I think the new robustness of my bankroll has helped too. Reading about Chris Halverson's all-too-familar struggles
made me think of my own recent dark times, and the advice he receive from Iggy--don't think about the money-- is both wise and hard to pull off. When you're one or two bad sessions from Tap City its hard not to be gunshy. Nervous play begets bad play, which begets more nervousness, which begets...you get the point.
Now that I've plumped out my purse, I'm not playing scared. I know that I can have a bad run and still be OK, because I'm playing low enough limits that I'll survive it. When I cracked the $200 I thought it was time to move up to the $1/$2 tables, but I really felt uncomfortable playing at those altitudes. I was intimidated, even at these modest limits, and I wasn't comfortable playing the tight-aggressive game I've been taught. I bailed and went back to my usual $.50/$1 game, and felt like that's where I belong. Maybe someday I'll bump up to higher limits, but not right now. I'll let my guts decide when it's time to play a bigger game, not my bankroll.

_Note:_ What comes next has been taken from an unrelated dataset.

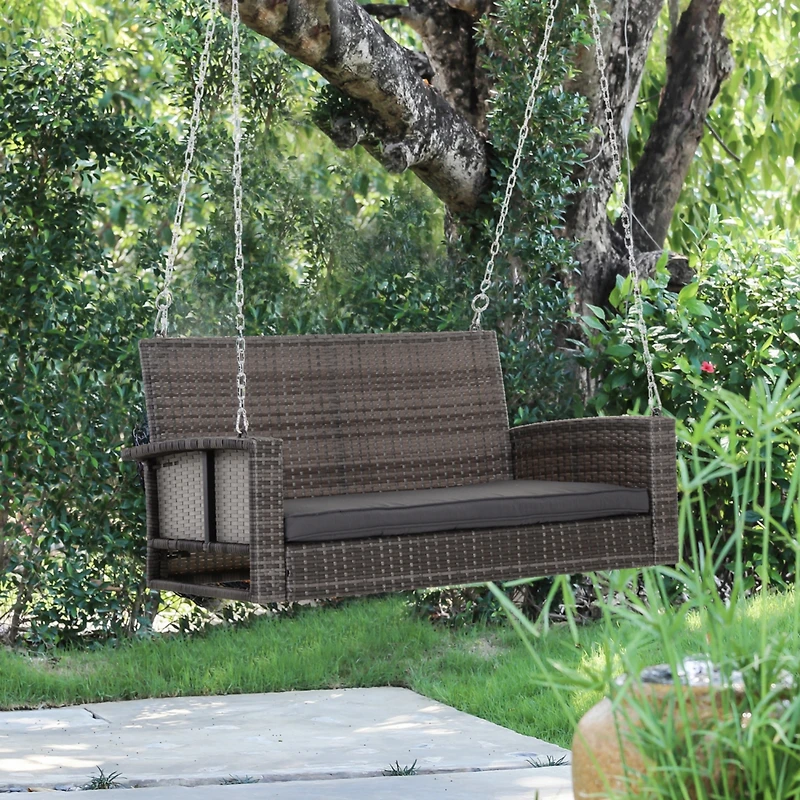 2-Person Wicker Swing Bench with Cushions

It's funny, as I read the PokerSavvy article, I realized that I probably couldn't tell you the limits most folks play at. I know Iggy has returned to the grind from the glamourous world of multi-limit tournaments, but I don't remember if he plays $.50/$1 or more. I know Chris plays my limit, but for the other bloggers I'm not really sure. And I don't really care too much. I find it interesting to read about folks playing bigger games, to be sure, but I wouldn't necessarily pick one blog over another because of the dollar amounts involved. It's the game that's fun. The game and talking about it, talking about the good, the bad, and the ugly. Especially the good.